Material to process section start

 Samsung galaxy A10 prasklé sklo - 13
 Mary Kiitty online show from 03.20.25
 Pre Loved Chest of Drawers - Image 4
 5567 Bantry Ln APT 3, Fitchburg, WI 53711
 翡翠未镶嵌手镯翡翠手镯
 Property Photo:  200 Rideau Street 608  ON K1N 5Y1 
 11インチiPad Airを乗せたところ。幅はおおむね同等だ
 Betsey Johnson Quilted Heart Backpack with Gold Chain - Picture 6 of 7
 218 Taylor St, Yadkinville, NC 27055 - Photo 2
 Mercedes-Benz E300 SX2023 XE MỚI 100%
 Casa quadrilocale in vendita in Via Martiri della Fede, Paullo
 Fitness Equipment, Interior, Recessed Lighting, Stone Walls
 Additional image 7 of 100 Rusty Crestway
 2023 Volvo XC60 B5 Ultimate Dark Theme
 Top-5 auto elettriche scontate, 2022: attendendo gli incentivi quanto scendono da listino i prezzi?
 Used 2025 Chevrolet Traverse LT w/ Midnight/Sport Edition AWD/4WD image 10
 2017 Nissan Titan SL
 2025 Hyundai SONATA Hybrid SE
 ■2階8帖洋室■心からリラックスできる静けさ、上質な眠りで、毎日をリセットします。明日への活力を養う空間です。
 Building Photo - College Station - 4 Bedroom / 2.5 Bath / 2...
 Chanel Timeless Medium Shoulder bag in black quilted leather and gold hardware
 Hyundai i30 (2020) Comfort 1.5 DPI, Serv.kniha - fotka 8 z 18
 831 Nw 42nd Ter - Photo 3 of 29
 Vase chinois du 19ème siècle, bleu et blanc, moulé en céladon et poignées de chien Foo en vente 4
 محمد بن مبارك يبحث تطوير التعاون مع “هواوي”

Material to process section end

## What is needed
Could you write out the full data verbatim?

## Solution below
 Samsung galaxy A10 prasklé sklo - 13
 Mary Kiitty online show from 03.20.25
 Pre Loved Chest of Drawers - Image 4
 5567 Bantry Ln APT 3, Fitchburg, WI 53711
 翡翠未镶嵌手镯翡翠手镯
 Property Photo:  200 Rideau Street 608  ON K1N 5Y1 
 11インチiPad Airを乗せたところ。幅はおおむね同等だ
 Betsey Johnson Quilted Heart Backpack with Gold Chain - Picture 6 of 7
 218 Taylor St, Yadkinville, NC 27055 - Photo 2
 Mercedes-Benz E300 SX2023 XE MỚI 100%
 Casa quadrilocale in vendita in Via Martiri della Fede, Paullo
 Fitness Equipment, Interior, Recessed Lighting, Stone Walls
 Additional image 7 of 100 Rusty Crestway
 2023 Volvo XC60 B5 Ultimate Dark Theme
 Top-5 auto elettriche scontate, 2022: attendendo gli incentivi quanto scendono da listino i prezzi?
 Used 2025 Chevrolet Traverse LT w/ Midnight/Sport Edition AWD/4WD image 10
 2017 Nissan Titan SL
 2025 Hyundai SONATA Hybrid SE
 ■2階8帖洋室■心からリラックスできる静けさ、上質な眠りで、毎日をリセットします。明日への活力を養う空間です。
 Building Photo - College Station - 4 Bedroom / 2.5 Bath / 2...
 Chanel Timeless Medium Shoulder bag in black quilted leather and gold hardware
 Hyundai i30 (2020) Comfort 1.5 DPI, Serv.kniha - fotka 8 z 18
 831 Nw 42nd Ter - Photo 3 of 29
 Vase chinois du 19ème siècle, bleu et blanc, moulé en céladon et poignées de chien Foo en vente 4
 محمد بن مبارك يبحث تطوير التعاون مع “هواوي”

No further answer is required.